Der WM-Parcours gilt nicht nur wegen seiner beträchtlichen Länge von fast 270 km als anspruchsvoll. Die immer wiederkehrenden kurzen, ruppigen Anstiege dürften das Feld mit der Fortdauer des Rennens stark reduzieren. «Ich erwarte ein hartes Rennen. Wenn es in die entscheidende Phase geht, werden wohl nur noch wenige Fahrer dabei sein», glaubt Schmid. Nach einer für ihn zufriedenstellenden zweiten Profisaison sei alles, was kommt, «Bonus». «Die Strecke ist grundsätzlich auf meine Fähigkeiten zugeschnitten, und meine aufsteigende Formkurve stimmt mich zuversichtlich.»

Mit Stefan Küng verfügt das sechsköpfige Schweizer Team über einen weiteren Fahrer, der sich imstande sieht, die Topfavoriten um Wout van Aert und Co. zu ärgern.
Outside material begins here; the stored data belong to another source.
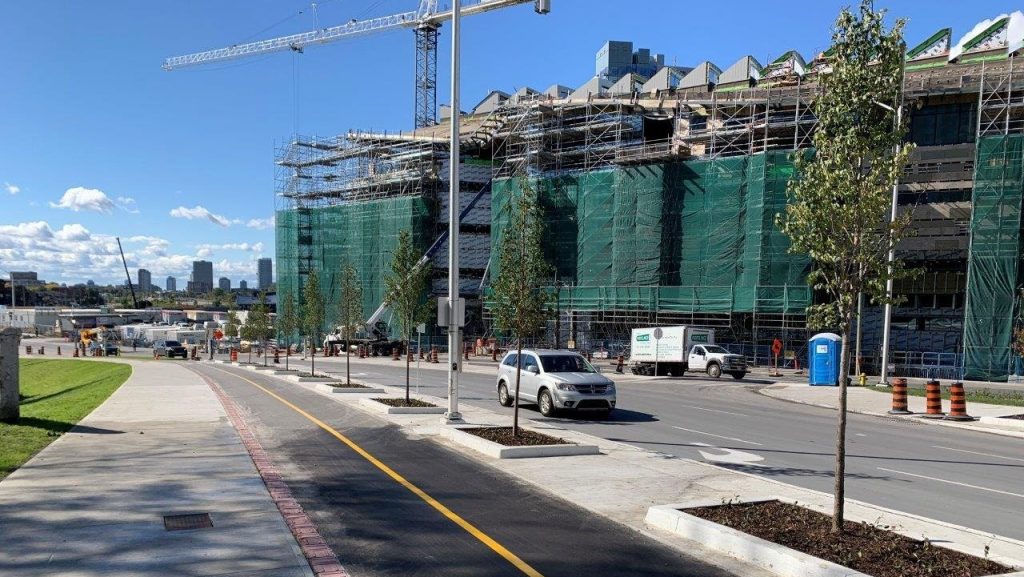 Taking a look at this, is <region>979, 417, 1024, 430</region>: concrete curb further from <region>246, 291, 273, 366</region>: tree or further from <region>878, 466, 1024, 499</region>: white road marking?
<region>246, 291, 273, 366</region>: tree

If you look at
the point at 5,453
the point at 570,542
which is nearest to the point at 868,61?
the point at 570,542

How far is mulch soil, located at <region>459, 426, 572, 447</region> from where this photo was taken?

Der Thurgauer Allrounder, der nach Silber im Zeitfahren ebenfalls «ohne Druck» an den Start geht, hat schon mehrfach bewiesen, dass er über längere Fluchtversuche zum Erfolg finden kann. 2019 wurde er dafür mit WM-Bronze belohnt.

Auch Stefan Bissegger ist es zuzutrauen, dass er sich im Verlauf des Rennens in eine Ausreissergruppe begeben kann, die durchkommt. Das Schweizer Sextett komplettieren Silvan Dillier, Simon Pellaud und Fabian Lienhard.

Chabbey ist bereit, Reusser fühlt sich müde

Auch im Strassenrennen der Frauen darf sich die Schweiz am Samstag dank Elise Chabbey Medaillenchancen ausrechnen. Die 29-jährige Genferin präsentierte sich zuletzt in einer starken Form. Zudem ist der mit 164,3 km längste Frauen-Parcours in der WM-Geschichte auf Fahrerinnen mit starken Puncher-Qualitäten, wie sie die einstige Olympia-Teilnehmerin im Kanu verfügt, zugeschnitten.

«Der Kurs ist hart, es gibt kaum Verschnaufpausen. Dafür bietet er viele Möglichkeiten, etwas zu probieren. Ich erwarte ein aggressives Rennen», blickt Chabbey voraus. Die Romande, die im Peloton für ihren grossen Kampfgeist und Biss bekannt ist, zeigt sich zufrieden mit ihrem bisherigen Saisonverlauf. Den Giro, die Tour de France und die Vuelta beendete sie als Zwölfte, Elfte und Achte des Gesamtklassements. «Das Einzige, was fehlt, ist ein Sieg in einem World-Tour-Rennen.»

Am Mittwoch durfte sich Chabbey beim Triumph im Mixed-Team-Zeitfahren an der Seite von Küng, Schmid, Bissegger, Nicole Koller und Marlen Reusser das Regenbogentrikot überstreifen. Bei Reusser sind die eigenen Erwartungen für Samstag gering. Die Bronzemedaillengewinnerin im Einzelzeitfahren fühlt sich nach der langen Reise und den Anstrengungen der letzten Tage müde und will dem Team so gut es geht helfen. Vieles wird von den favorisierten Niederländerinnen abhängen.

Separate U23-Wertung

Das Elite-Rennen der Frauen bringt eine Premiere mit sich. Zum ersten Mal wird es eine U23-Wertung inklusive Medaillenvergabe geben. Für die Schweizerin Noemi Rüegg bedeutet dies, dass sie quasi ihr eigenes Rennen fährt.